Hacker News new | ask | show | jobs
by HeroicKatora 650 days ago
I couldn't quite replicate those numbers (rustc 1.78, gcc 14, g++ 14) with a recent state. On my machine (Ryzen 9 7900X, LVM on NVMe) it's rustc 60-80ms, gcc 20-30ms and tcc in 2ms. Intererestingly, g++ is still 200ms on that machine. Activating time and the builtin time-passes in rustc here's also an interesting observation: rustc spends 47ms of its time in sys and 23ms in user compared to <3ms for both C variants. It counts its own time as 50ms instead for some reason, not sure what it is subtracting here. Also looking at individual passes of the compiler (rustc +nightly -C opt-level=1 -Z time-passes gcd.rs) reveals it spends 33ms linking, 16ms in LLVM and only a negligible time in what you'd consider compiling.

I think the test is uultimately non-sensical for the question being posed here. It doesn't reveal anything insightful about scaling to real world program sizes, either. The time of rustc is dominated by the platform linker anyways. Sure, one might argue that this points out Rust as relying too much on the linker and creating too many unused symbols. But the question of whether this is caused by the language and in particular its syntactical choices .. should at that point be answered with probably not. It's not a benchmark you want to compare by percentage speedups anyways since it's probably dominated by constant time costs for any of the batteries included standard library languages compared to C.

1 comments

thank you very much for the failed replication!

it's interesting, my machine is fairly similar—ryzen 5 3500u, rustc 1.63.0, luks on nvme. is it possible that rustc has gotten much faster since 1.63?

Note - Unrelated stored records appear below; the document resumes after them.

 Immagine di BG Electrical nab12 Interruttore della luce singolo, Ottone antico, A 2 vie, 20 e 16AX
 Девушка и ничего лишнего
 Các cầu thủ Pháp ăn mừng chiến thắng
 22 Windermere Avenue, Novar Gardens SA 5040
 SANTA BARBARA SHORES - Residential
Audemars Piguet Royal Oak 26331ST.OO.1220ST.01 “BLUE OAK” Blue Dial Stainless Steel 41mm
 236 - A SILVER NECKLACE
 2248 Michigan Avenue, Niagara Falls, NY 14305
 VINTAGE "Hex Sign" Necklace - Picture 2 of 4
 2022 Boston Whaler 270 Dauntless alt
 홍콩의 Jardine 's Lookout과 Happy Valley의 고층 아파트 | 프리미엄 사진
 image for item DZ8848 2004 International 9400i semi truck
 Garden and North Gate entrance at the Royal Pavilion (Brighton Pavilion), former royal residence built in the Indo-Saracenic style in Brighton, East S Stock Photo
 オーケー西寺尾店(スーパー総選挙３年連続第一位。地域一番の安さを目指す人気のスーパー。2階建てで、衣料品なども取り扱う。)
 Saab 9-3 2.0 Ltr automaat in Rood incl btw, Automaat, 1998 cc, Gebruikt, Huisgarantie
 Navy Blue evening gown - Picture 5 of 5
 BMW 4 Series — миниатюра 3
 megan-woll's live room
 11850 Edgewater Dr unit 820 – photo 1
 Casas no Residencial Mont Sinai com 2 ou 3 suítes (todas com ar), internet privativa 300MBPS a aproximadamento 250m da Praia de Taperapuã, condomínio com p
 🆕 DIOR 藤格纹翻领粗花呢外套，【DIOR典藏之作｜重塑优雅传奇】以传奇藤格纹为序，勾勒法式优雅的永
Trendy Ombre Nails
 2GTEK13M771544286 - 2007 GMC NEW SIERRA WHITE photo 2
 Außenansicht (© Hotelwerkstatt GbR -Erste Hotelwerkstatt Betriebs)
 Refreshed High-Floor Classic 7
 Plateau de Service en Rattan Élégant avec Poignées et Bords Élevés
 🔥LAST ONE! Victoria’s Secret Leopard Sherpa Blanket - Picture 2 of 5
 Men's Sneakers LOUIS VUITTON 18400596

while i agree that it's not the most important test for day-to-day use, i don't agree that it falls to the level of nonsensical. how fast things are determines how you can use them. tcc and old versions of gcc are fast enough that you could very reasonably generate a c file, compile it into a new shared object, dlopen it, and call it, every screen frame. there are some languages, like gforth, that actually implement their ffi in such a way, and sitkack and i have both done some experiments with inline c and jit compilation by this mechanism

i do agree that the syntactical choices of the language have relatively little to do with it, and your rustc measurements provide strong evidence of that—though perhaps it is somewhat unfavorable for c++ that it commonly has to tokenize many megabytes of header files and do the moral equivalent of text replacement to implement parametric polymorphism

Thank you for re-validating the numbers on your end, it's indeed very possible. There's been quite a few improvements in those versions. Though the effect size does not quite fit with most of the optimizations I can recall, maybe it's much more related to optimizations to the standard library's size and linking behavior.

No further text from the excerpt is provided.